Students torch Khartoum University mosque

Unrest at the University of Khartoum continued at the weekend as students torched a building where others were staying after they were forced to move out their dormitories. Protesting students in White Nile state were dispersed by police and security agents.

Unrest at the University of Khartoum continued at the weekend as students torched a building where others were staying after they were forced to move out their dormitories. Protesting students in White Nile state were dispersed by police and security agents.

On Sunday evening, student supporters of Sudan's ruling party burned the mosque of the Faculty of Education in the university in Omdurman. The property of students who were staying there after expulsion from the university's boarding houses was destroyed.

A witness told Radio Dabanga that the attacking students were backed by security agents, and beat the other students with sticks and machetes.

“The security service continued to lay siege on the buildings of the Faculty of Education until Monday morning,” the witness said, adding that the university administration has decided to close the faculty indefinitely.

The University of Khartoum has been the scene of widespread student unrest for several weeks, and classes have been suspended. One of the main student grievances is a decision by the university administration to sell-off faculty buildings and move university facilities to the outskirts of Khartoum ‘to make way for tourist attractions’.

Arrests

Mohamed El Tayeb El Gurashi is the father of one of the students who has been dismissed by the University of Khartoum and is now detained with eight other students. From the office of lawyer Nabil Adeeb’s in Khartoum, he told Radio Dabanga that he holds the President and Chancellor of the University of Khartoum responsible for the students' safety.
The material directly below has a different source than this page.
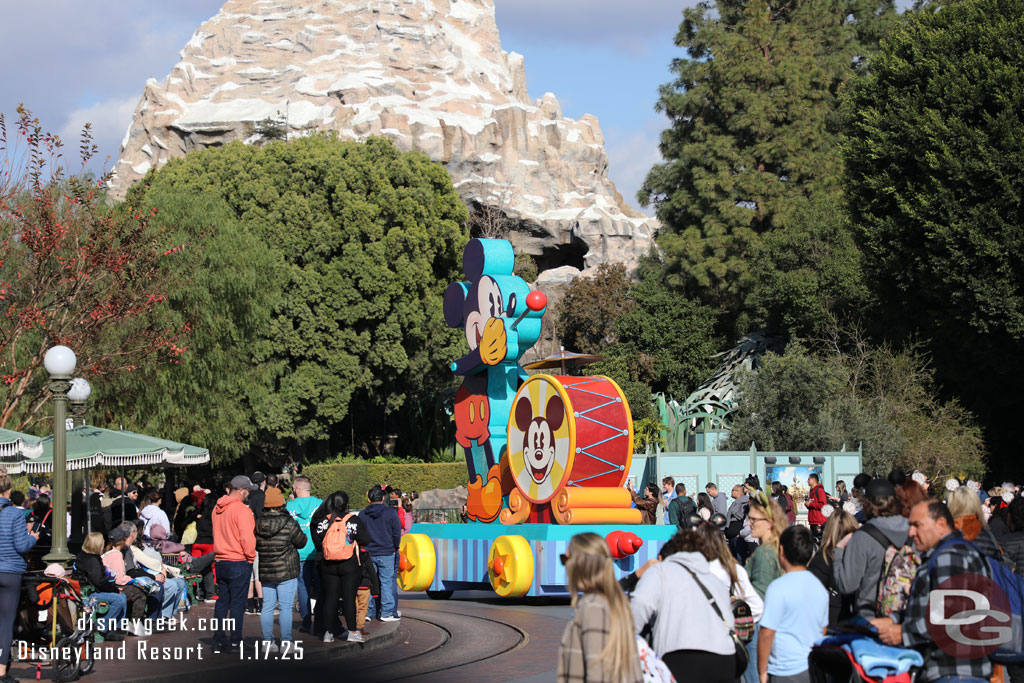 The 1:45pm Mickey and Friends Cavalcade making its way through the hub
“The arrest and dismissal of students is illegal,” El Gurashi said, demanding the National Intelligence and Security Service (NISS) to immediately release them. “All liberal students, political, civil and legal organisations have to put pressure on the regime in order to release them.”

Last week, Nabil Adeeb's office was raided by NISS agents, who arrested several students who were suspended from Khartoum University as they consulted with their lawyer. The NISS has stressed that it “will not allow the transfer of conflict and violence to the capital Khartoum”.

Two students were killed in separate incidents in April, at Omdurman's Ahlia University and at the University of Kordofan, in which government security forces and armed students used live ammunition to break up protests at the university campuses.

White Nile

A student strike at the Faculty of Engineering at the University of Imam El Mahdi in Kosti, White Nile state, resulted in the serious injury of five students and detention of dozens of others on Sunday.

A student at the faculty told Radio Dabanga that NISS and police forces entered the campus to confront student protesters with beatings and teargas, which caused the injuries to five students. They were transferred to the hospital.

Some 40 others were detained by the NISS, and released on Monday. The agents chased tudents to their boarding houses and detained a number of them, several protesters told this station.

They said that the protesters will continue their strike from studying until all their demands are met. Since the beginning of April, the students have been demanding amendments to the regulations prepared by the university administration earlier last year.